If the input digit is 0, once again, only the output neuron representing 0 should light up (receive a high value), this might be the simplest neural network we can construct.
But our task is to teach this artificial neural network to recognize these digits, which means we must somehow change the weights to make the model make better predictions. This is done by showing the network a series of sample images (like images of handwritten digits) and then observing whether the network’s predictions are accurate. If the network’s predictions are inaccurate, the weights need to be adjusted.
To know how to adjust the weights, we use a tool called loss function, which helps us measure the difference between the network’s predictions and the actual results. Our goal is to make this loss as small as possible, meaning our predictions are more accurate.
In fact, if you visualize the weights of each neuron, as the model learns, we can see that although they initially look random, as the model learns and trains, these weights gradually adjust and begin to form specific patterns. These patterns allow the model to recognize the features of different digits, thus distinguishing them. Initially, the model may only learn simple linear relationships, meaning it can distinguish some very basic digit features.
To allow the model to learn more complex relationships, we can add more layers between the input layer and the output layer; these additional layers are called hidden layers.
Adding more hidden layers can make the neural network “deeper”, which is the concept of “deep learning.” The neurons in the hidden layers work similarly to those in the output layer, but each neuron also has an activation function, which can be non-linear, allowing the model to learn more complex relationships and thus improving the accuracy of digit recognition.
Going back to the simple two-dimensional function example, the activation function will allow us to bend the line so that we can more accurately simulate the data.
There are many activation functions, but one of the simplest is called ReLu, which turns negative numbers to 0 and keeps positive numbers unchanged.
When we add more neurons or layers to the neural network, its capability increases, meaning it can learn more complex things.
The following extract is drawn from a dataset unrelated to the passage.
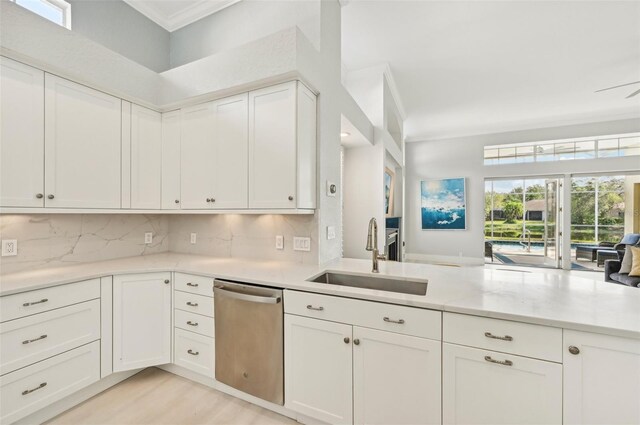 kitchen with sink, stainless steel dishwasher, tasteful backsplash, white cabinetry, and kitchen peninsula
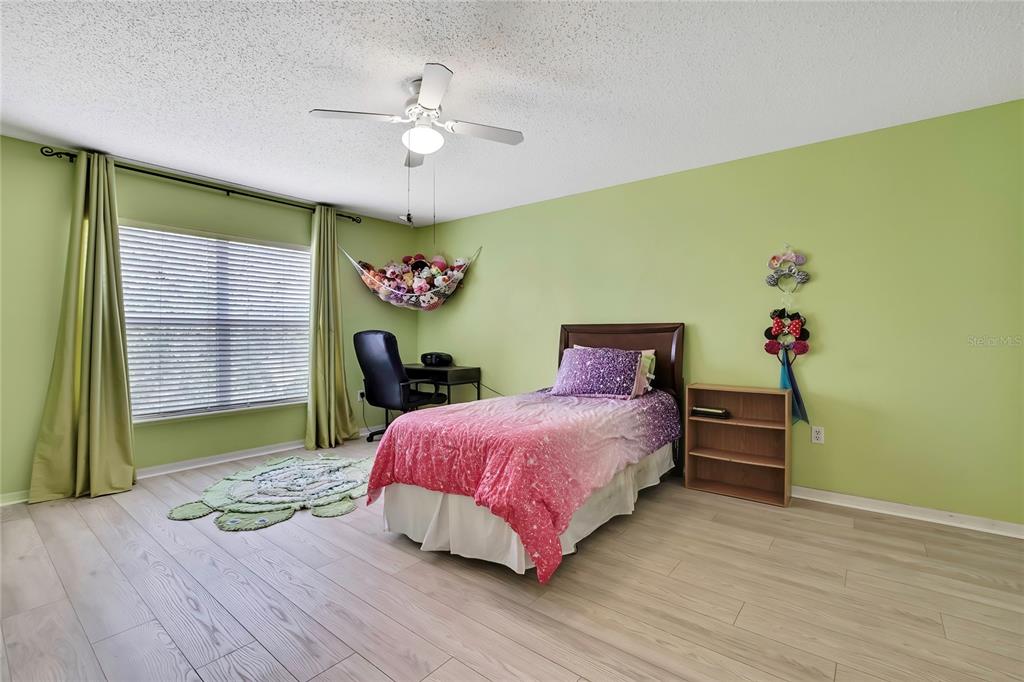 11257 Persimmon Avenue Weeki Wachee, FL 34614 - Photo 23 of 50 a bedroom with a bed and a chandelier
However, there is a problem; if we make the network too large, it may become too “smart” to not only learn what we want it to learn but also remember all the training data. This situation is called overfitting, which is like the model becoming too focused on the training data, resulting in poor performance when faced with new, unseen data. On the other hand, if the model is too simple, it may not learn enough, which is called underfitting. Therefore, the main goal of a neural network is to find a balance, constructing a model that is neither too complex nor too simple, capable of learning patterns from the data.